Doc, please make me look like Ivanka Trump

Ms Ivanka Trump (above), daughter of United States President Donald Trump.
Ms Ivanka Trump (above), daughter of United States President Donald Trump.PHOTO: AGENCE FRANCE-PRESSE

LONDON • Detractors will tell United States President Donald Trump to his face that they hate his policies, but customers at plastic surgeons' clinics are electing to look like his daughter Ivanka and wife Melania.

New York surgeon Norman Rowe has been seeing several women a month who cite Ivanka as their face inspiration.

"I never saw (anyone who wished to copy Ivanka's face) before the (US presidential race)," he told celebrity website Page Six. "Since the summer of 2016... (it has been) maybe four a month; one a week."

Some women were spending up to US$40,000 (S$53,800) on temporary fillers and Botox, and up to US$50,000 for more invasive procedures such as rhinoplasty and cheek implants.

Earlier this year, Houston surgeon Franklin Rose told USA Today: "Ivanka is sort of the new style icon for plastic surgery."

In Britain, Dr Tijion Esho, who founded the Esho clinic and specialises in non-surgical procedures, said he has had "a few clients" who have mentioned Ivanka as an inspiration. One was someone who had met the celebrity recently and was taken with her jawline.

He added that it is physically possible to change one's face into something closer to a celebrity's, as long as there are enough structural similarities to begin with.

But he weighs the requests carefully. "When someone says she wants to look like someone else, your first concern should always be: Has this person got body dysmorphia?" This means a person has a distorted view of how he or she looks and is linked to ceaseless unhappiness over perceived body imperfections.
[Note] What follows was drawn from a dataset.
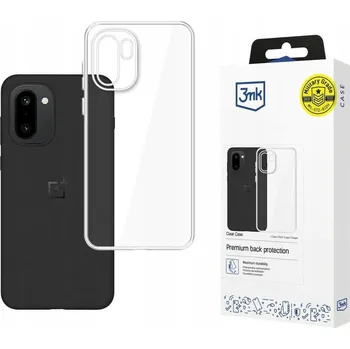 Pouzdro na mobilní telefon Zadní Kryt 3mk pro OnePlus 15R vícebarevný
"Are they trying to attain something that isn't realistic?"

Last year, London-based surgeon Julian de Silva created a picture of his "perfect" face - made up of a record he claimed to have kept of the most-requested celebrity features.

The most popular nose was the Duchess of Cambridge's while other patients asked for actress Keira Knightley's eyes, actress Penelope Cruz's lips and singer Miley Cyrus' forehead.
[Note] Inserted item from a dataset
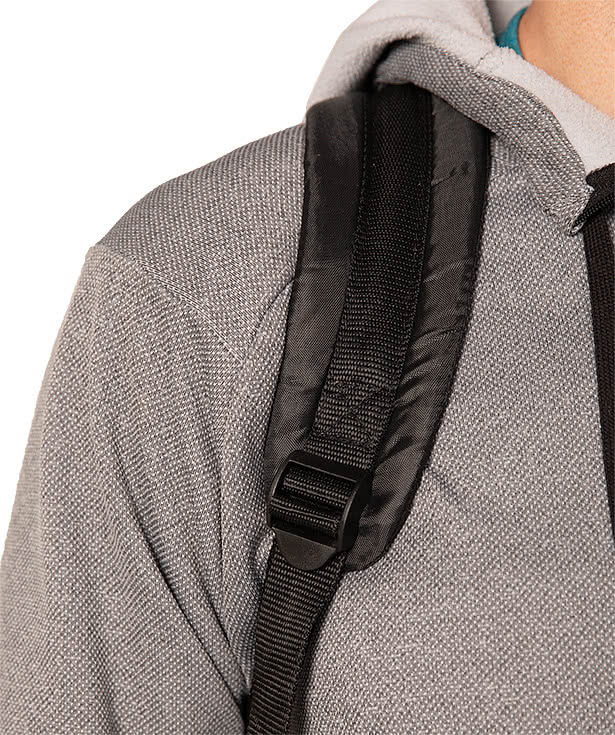 High Five Ball Backpack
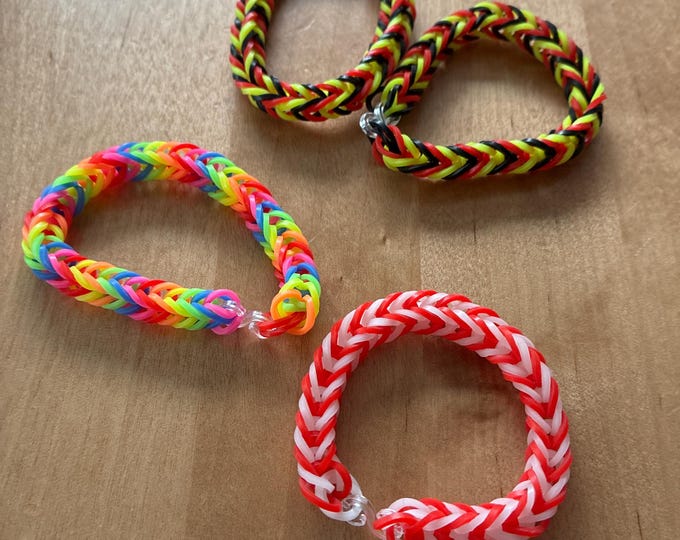 Loops Armbänder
In the more than 10 years he has been practising, Dr Esho has seen trends of celebrity faces come and go, at least for female patients.

For a while, he noted that "everybody wanted to look like Angelina Jolie". Then people wanted "to go for a Jennifer Aniston look - softer".

"Then it was Jennifer Lopez - fuller features," he said.

In recent years, he added, the Kardashians have been the most influential "where people want (strong) brows, strong cheekbones, larger lips - more exaggerated features".

It has a lot to do with exposure, said New York cosmetic surgeon Alan Matarasso.

Over the last year, he has seen an increase in the number of patients who mention the Trumps when talking about what they would like to change about their faces.

"There's no question that whenever an attractive, popular figure appears in the media a lot, you will get this," he said. "It's human nature. It's not exclusive to these two women (Ivanka and Melania), but they are front and centre now."